Так, где ребенок? Почему его не слышно? Что он делает в соседней комнате один? А может, он уже на кухне и нашел бабушкины лекарства и тут же незамедлительно их выпил. Что у него во рту? Кто дал ему немецкие леденцы — они ровно такого размера, что, если ребенок подавится, мы не достанем леденец у него из трахеи. Он порежется линейкой. Он сейчас поскользнется в ванной и ударится головой. Что за фигня лежит на полу — ребенок наступит на нее и распорет себе ногу. Он сейчас стащит фотоаппарат со стола, и тот ударит его по лицу. Ну и так далее — это бесконечно. Как вы понимаете, при таком отношении к действительности речи о том, чтобы идти с ним на прогулку, быть не может. Пусть бабушка идет на прогулку — у нее крепче нервы, ну просто как канаты. Ведь на улице опасности вырастают в миллионы раз.
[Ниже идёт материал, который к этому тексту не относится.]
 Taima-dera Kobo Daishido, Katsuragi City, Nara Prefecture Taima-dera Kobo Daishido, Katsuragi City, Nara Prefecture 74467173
Машины, экология, сосульки, алкаши какие-то, дети кругом дебильные носятся. Их идиотские родственники сидят на лавочках в мороз. Тут никаких нервов не хватит. А кто вообще всю семью кормит? И его остолопов-родителей, между прочим, тоже.
Такого рода течение мыслей, конечно, сильно укрепляет ячейку общества. Вернее тех, кто в ней умудрился выжить. Но дедушке простительно — он у нас старенький. Ладно, давай пойдем купаться. Когда твоя мать была крохой, я не мог ее купать, потому что я служил в этой долбаной армии, а точней на флоте. Ваша школа настоящих мужчин отняла у меня здоровенную часть радости отцовства. После этого вы хотите, чтобы здесь рожали и воспитывали детей? Ага, в казармах.
Так что мы идем с ним купаться — благо ванна огромная, треугольная, он может здесь плавать, как в бассейне. Я сяду рядом и буду получать радость, отнятую у меня 23 года назад Тихоокеанским флотом, чтобы ему утонуть окончательно. Осторожней, мальчик, тут глубоко! И не брызгай в дедушкин фотоаппарат, он, между прочим, дорогой, твоим родителям не расплатиться в жизнь. Где у нас тут резиновые уточки имени мистера Бина? Кстати, об инфантилизме — мистерами Бинами становятся те, кому не давали в детстве резиновых утят в ванну, или, наоборот, те, кто провел с ними все детство под лондонским душем? Нет ответа. Так что пока плаваем с утятами. Хотя ему больше нравится выливать любимый дедушкин английский шампунь в воду.
Вынимаем распаренного и розового, заворачиваем и тащим спать. Пусть бабушка читает ему сказочки на ночь — не мужское это дело.
А вот то, что он просыпается в семь утра и начинает колбаситься по всей квартире,— это факт, так как я просыпаюсь на два с половиной часа позже. Так что завтра фиг вам, а не утренняя нега.
А что вы хотите?
Мы же с ним абсолютно разные люди. У нас и фамилии-то разные.